To be sure, we may be misreading his remarks. Perhaps they can be explained. But they do need to be explained, and they can't be explained away with a wave of the hand and a dismissal of the claim because it came from a leftist. That would be an atrocious bit of epistemic closure. Garage made a claim. I was skeptical, and asked him for a source. He provided credible evidence; the one that he cited, www.progressive.org, is not a credible source per se, but it made a reasonable inquiry and credible (indeed, primary) sources for the salient facts. That means that we have to deal with those facts; you can't just turn your face away and shrug simply because you don't like Garage's politics. If Scott Walker attends a Church that believes in the so-called "speaking in tongues" nonsense, as there is some evidence that he does, then he has some explaining to do.
Church that believes in the so-called "speaking in tongues" nonsense
Question, what makes this nonsense but ghosts, astrology, numerology, healing crystals, etc. not nonsense?
I could go full "dick" and include global warming, but I won't (this time).
My goodness. I wish he had just used Meade's "That's a clown question bro" answer so we could get out of these weeds.
Todd said...
"Question, what makes this nonsense but ghosts, astrology, numerology, healing crystals, etc. not nonsense?"
I would tend to think that those things are nonsense, and if a candidate belonged to a new-age cult that favored such things, (s)he, too, would have some explaining to do. Glossolalia is a somewhat rare example of a fraud that is condemned by all serious Christians across all denominations, broadly-speaking. It's a fraud that makes Medjugorje look like a blue-chip.
Simon, I really don't know what's going on in the mind of the pastor. It sounds to me like he is asking the church members not to judge or "abuse" people who partake in this activity. Hardly something that would need to be said if this was common practice at Meadowbrook.
My casual read of his blog failed to find another reference to this topic.
@ Simon
My own father was a Charismatic Catholic--spoke gibberish--the whole nine yards. He attended a Catholic Church (St. Mary's--Chandler, AZ) Would you like me to accuse you of being a person who speaks in tongues? After all, you're both Catholic. Or can you imagine that people can attend the same Church and do different things away from the Church?
To a liberal, Christianity, The Constitution, the Geneva Convention are all things that support whatever you think is good and oppose everything you think is bad. Actual words notwithstanding.
@Simon, @Bushman, et. al.
Again, I feel like people from outside the culture of Spirit-filled churches are misunderstanding things.
It's a subtle distinction, but there are several kinds of churches who teach that "Speaking in tongues" is valid in the life of the modern believer.
A. Church members aren't really Saved unless they receive this Gift, and can speak in spiritual tongues.
B. Church members are encouraged to pursue and exercise this Gift in their private lives, and in corporate worship services.
C. Church members are encouraged to pursue this Gift in private, but there is little/no encouragement to bring it into the worship service.

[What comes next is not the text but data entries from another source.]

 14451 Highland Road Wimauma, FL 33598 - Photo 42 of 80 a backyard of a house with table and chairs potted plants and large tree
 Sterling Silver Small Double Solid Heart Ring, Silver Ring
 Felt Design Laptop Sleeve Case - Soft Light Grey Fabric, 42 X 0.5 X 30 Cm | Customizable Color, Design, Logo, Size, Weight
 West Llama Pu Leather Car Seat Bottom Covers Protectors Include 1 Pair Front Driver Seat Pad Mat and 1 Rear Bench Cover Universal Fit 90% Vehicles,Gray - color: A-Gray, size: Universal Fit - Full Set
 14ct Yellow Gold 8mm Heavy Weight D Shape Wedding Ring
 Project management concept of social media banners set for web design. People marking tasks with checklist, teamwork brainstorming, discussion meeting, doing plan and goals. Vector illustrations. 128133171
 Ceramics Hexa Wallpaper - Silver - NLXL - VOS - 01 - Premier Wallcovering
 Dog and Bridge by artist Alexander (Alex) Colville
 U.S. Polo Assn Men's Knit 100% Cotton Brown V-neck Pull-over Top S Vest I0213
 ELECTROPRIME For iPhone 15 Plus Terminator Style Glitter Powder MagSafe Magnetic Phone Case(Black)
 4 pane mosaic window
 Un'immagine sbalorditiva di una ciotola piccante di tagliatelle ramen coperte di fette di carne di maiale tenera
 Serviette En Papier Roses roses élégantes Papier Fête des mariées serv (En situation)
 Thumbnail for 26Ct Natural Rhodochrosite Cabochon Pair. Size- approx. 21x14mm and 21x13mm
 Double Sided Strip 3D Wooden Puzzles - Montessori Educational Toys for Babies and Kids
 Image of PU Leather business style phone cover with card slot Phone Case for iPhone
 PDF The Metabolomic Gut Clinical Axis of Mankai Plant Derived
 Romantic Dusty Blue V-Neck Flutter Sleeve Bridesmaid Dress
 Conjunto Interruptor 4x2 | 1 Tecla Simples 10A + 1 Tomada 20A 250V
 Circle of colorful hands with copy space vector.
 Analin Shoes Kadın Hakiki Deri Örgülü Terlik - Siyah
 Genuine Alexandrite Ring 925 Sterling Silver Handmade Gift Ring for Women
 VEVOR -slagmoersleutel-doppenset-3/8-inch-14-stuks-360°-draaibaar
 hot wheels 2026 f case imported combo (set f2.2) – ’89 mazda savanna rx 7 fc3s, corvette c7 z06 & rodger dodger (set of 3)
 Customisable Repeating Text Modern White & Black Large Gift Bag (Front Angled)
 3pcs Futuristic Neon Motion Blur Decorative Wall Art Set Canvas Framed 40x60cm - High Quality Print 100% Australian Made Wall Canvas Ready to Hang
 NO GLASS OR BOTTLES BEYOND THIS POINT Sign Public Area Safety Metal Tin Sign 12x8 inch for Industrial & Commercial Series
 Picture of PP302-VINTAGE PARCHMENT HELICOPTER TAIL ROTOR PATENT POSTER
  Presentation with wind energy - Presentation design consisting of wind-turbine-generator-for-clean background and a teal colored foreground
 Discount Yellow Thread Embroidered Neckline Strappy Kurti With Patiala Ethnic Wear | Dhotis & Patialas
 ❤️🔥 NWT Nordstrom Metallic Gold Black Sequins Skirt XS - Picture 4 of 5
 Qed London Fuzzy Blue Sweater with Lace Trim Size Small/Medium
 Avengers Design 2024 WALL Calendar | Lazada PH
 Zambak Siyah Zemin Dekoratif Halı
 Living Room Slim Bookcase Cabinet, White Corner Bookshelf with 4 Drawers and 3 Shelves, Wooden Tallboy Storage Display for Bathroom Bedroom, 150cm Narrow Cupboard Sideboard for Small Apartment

D. Church members are told that the Gift is valid, but are neither encouraged nor discouraged from exercising the Gift.
These aren't a theological distinctions. This is more of a discussion of comfort level, individual-church culture, etc.
I kind of suspect that Walker's church is closer to (D) than to (A). Especially since there are conflicting news reports on the subject.
(There's another rabbit-trail down the subject of "cessationism of Gifts". It's the kind of discussion that makes Baptists and Pentecostals go nuts.
And yet another rabbit-trail down the list of Gifts of the Spirit that is given by the Apostle Paul in his first letter to the Corinthian church. These gifts include words-of-wisdom, healing, prophecy, distinguishing-of-spirits, tongues, and interpretation-of-tongues.
And yet another rabbit-trail down the subject of whether 'spiritual tongues' need to be interpreted. In the same letter to the church in Corinth, the Apostle Paul goes through a discussion of spiritual tongues, interpretation, and how those items are supposed to be part of a church service. This discussion kind of forecloses the claim that 'speaking in tongues' can only be the kind that speakers of other languages can understand...)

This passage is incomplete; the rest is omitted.